Klinik-Affäre:Innenministerium wegen Untätigkeit verklagt

Klinik-Affäre: Seit Juli 2017 keine Antwort: das bayerische Innenministerium am Odeonsplatz in München.

Seit Juli 2017 keine Antwort: das bayerische Innenministerium am Odeonsplatz in München.

(Foto: Robert Haas)

In der Affäre um die mittelfränkischen Bezirkskliniken ziehen die Grünen gegen die Aufsichtsbehörde vor Gericht.

Von Uwe Ritzer, Ansbach

Vorsichtshalber ist dieser ganze Freitag für die Sondersitzung eingeplant, schließlich gibt es viel aufzuarbeiten bei den krisengebeutelten Bezirkskliniken Mittelfranken. Es geht um die von externen Sonderprüfern akribisch aufgelisteten gravierenden Fehler in der Vergangenheit, bei der Bauplanung, bei Vergaben und in der Personalführung, die zur Freistellung von Vorstand Helmut Nawratil führten. Aber auch um die Frage, wie es weitergeht bei der Klinikfirma mit ihren acht Krankenhäusern, zwei Heimen und 3000 Beschäftigten.

"Es braucht einen kompletten Neuanfang", sagt der Günen-Bezirksrat und Klinik-Verwaltungsrat Klaus Hiemeyer. Und spricht sich dagegen aus, dass einer der Stellvertreter Nawratils, Matthias Keilen oder Kai Schadow, dessen Nachfolge antreten. "Sie wussten über sein Treiben Bescheid, haben mitgemacht und ihn nicht gebremst", sagt Hiemeyer. Würden die Wegducker nun auch noch aufsteigen, wäre dies "eine Katastrophe".

Hiemeyer und sein Parteifreund Daniel Arnold können für sich in Anspruch nehmen, lange vor dem Sonderprüfbericht auf Missstände und Fragwürdigkeiten hingewiesen und eine akribische Aufarbeitung verlangt zu haben. Die Mehrheit, allen voran Bezirkstagspräsident Richard Bartsch, (CSU), nahm diese Forderungen sehr lange gleichgültig hin. Er und Arnold seien "lächerlich gemacht und nicht ernstgenommen worden", sagt Hiemeyer. Letzteres gelte auch für das bayerische Innenministerium als Rechtsaufsichtsbehörde.

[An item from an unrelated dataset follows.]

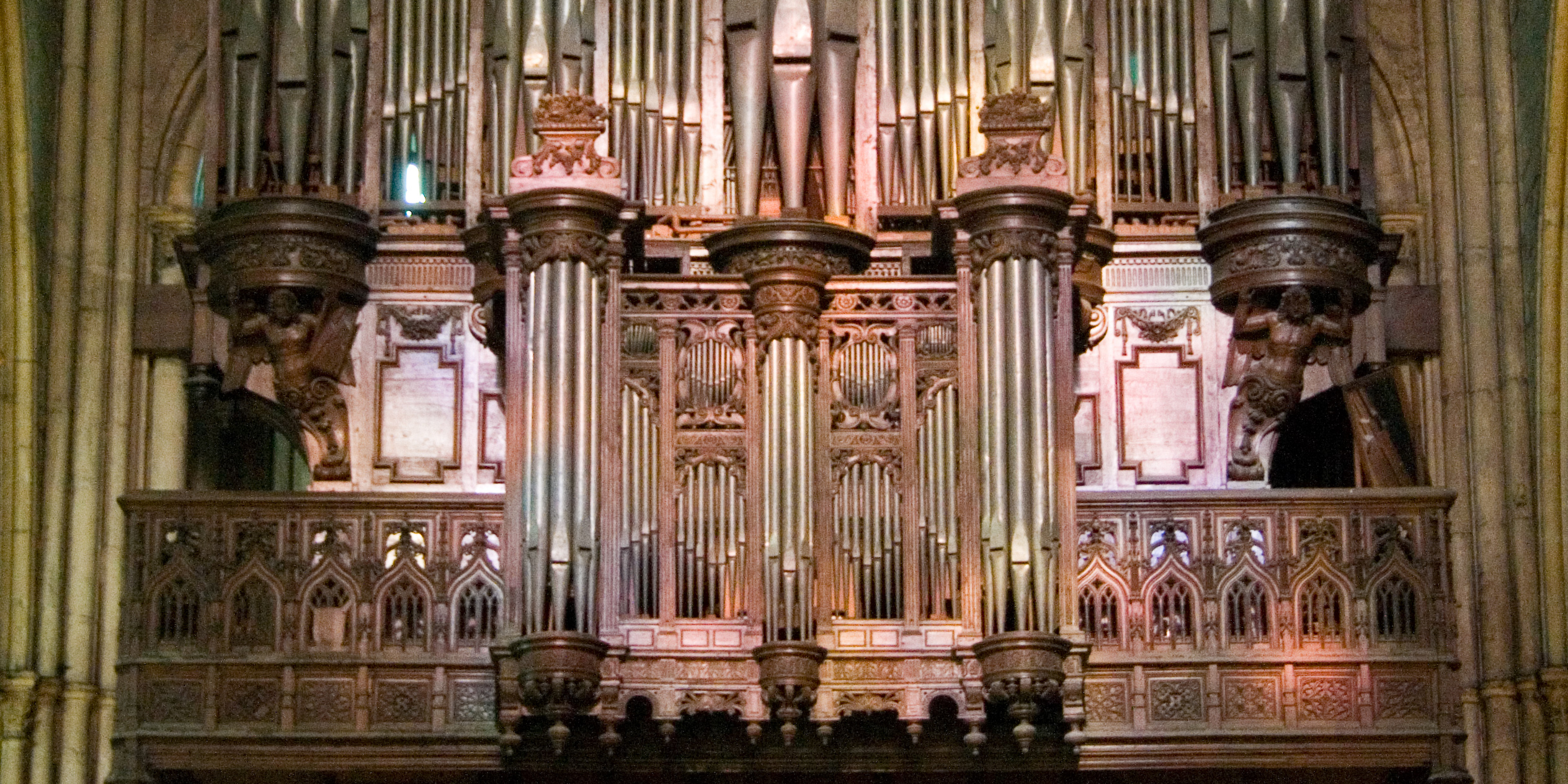 ORGUE REIMS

Weshalb die Grünen vor dem Landgericht Ansbach eine Untätigkeitsklage gegen das Ministerium eingereicht haben. Sie bezieht sich auf einen Antrag vom 12. Juli 2017. Lange vor der späteren Sonderprüfung also hatte Hiemeyer darin verlangt, das Ministerium solle "vermutlich unrichtigen Informationen" Nawratils gegenüber dem Klinik-Verwaltungsrat und anderen Anschuldigungen nachgehen und eine Aussage darüber treffen, wer für etwaige Folgen hafte. Diesen Antrag hat das Innenministerium der Klageschrift zufolge bis zum heutigen Tag nicht einmal beantwortet.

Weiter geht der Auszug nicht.